Вадим Михайлин – Скрытый учебный план: антропология советского школьного кино начала 1930 х – середины 1960 х годов (страница 24)
Название рассказа «О любви» говорит само за себя: идиллия была первым жанром, задавшим ключевую ноту для последующей европейской одержимости сюжетом индивидуальной эротически мотивированной избирательности. Экфрастическая рамка рассказа включает в себя разговор о странностях любви, проиллюстрированный деталями интимной жизни местных поселян. Сама рассказанная история представляет собой пародийное переосмысление одного из более поздних, средневековых изводов идиллии, сюжета о любовном томлении бедного рыцаря, очарованного замужней дамой. Рыцарь натужно, с мотивациями вполне энгельгардтовскими, пытается выстроить собственную пастораль, но вотще: работа на земле не дает ему ничего, кроме усталости, он опускается, и недостижимый идеал как-то сам собой перемещается для него из пейзанских пажитей в город137. А любовная его история, которая, как и положено в трубадурской системе ценностей, состоит в одном только томлении издалека, сходит на нет сама собой, и финальный всплеск страсти не оставляет ничего, кроме ощущения бессмысленно прожитых лет.

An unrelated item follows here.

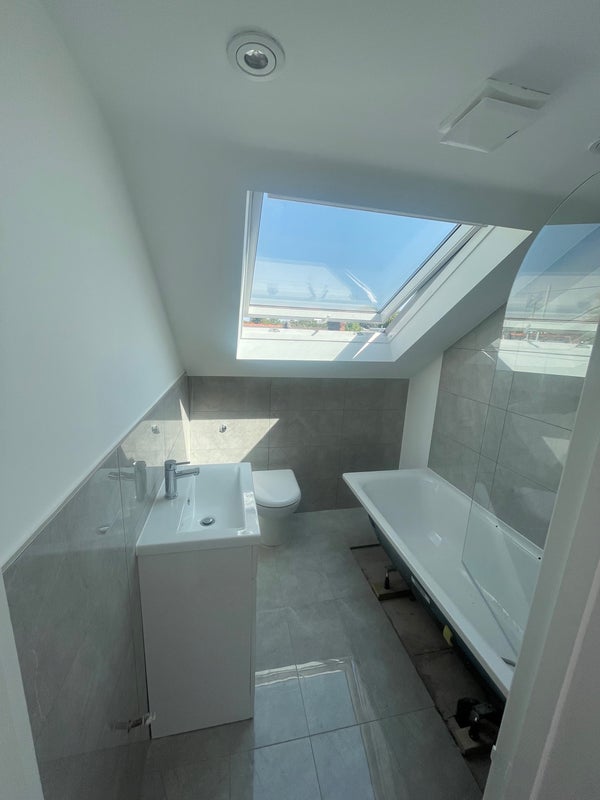 Room Greenford Avenue in Greater London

А в довершение всего финальная, замыкающая часть экфрастической рамки содержит внутренние, невыговоренные оценки рассказанного сюжета, откровенно снижающие как саму описанную ситуацию, так и образы фигурантов – переводя их в режим банальности.
«Крыжовник» представляет собой злую пародию на саму идею «погружения в буколику», репрезентативным символом которой для героя является соответствующая ягода, жесткая, кислая и невкусная, но волшебной силой воображения измененная настолько, что кажется ему прекрасной на вкус. Во имя нее, метонимически замещающей счастливую Аркадию, персонаж превращается сначала в скрягу, одержимого желанием накопить на мечту, – и из‐за спины у него выглядывает Альфий-ростовщик, персонаж Горациева 2 эпода, – а потом в скучного, обрюзгшего провинциального бездельника, изрекающего убогие банальности в духе «золотой середины»138.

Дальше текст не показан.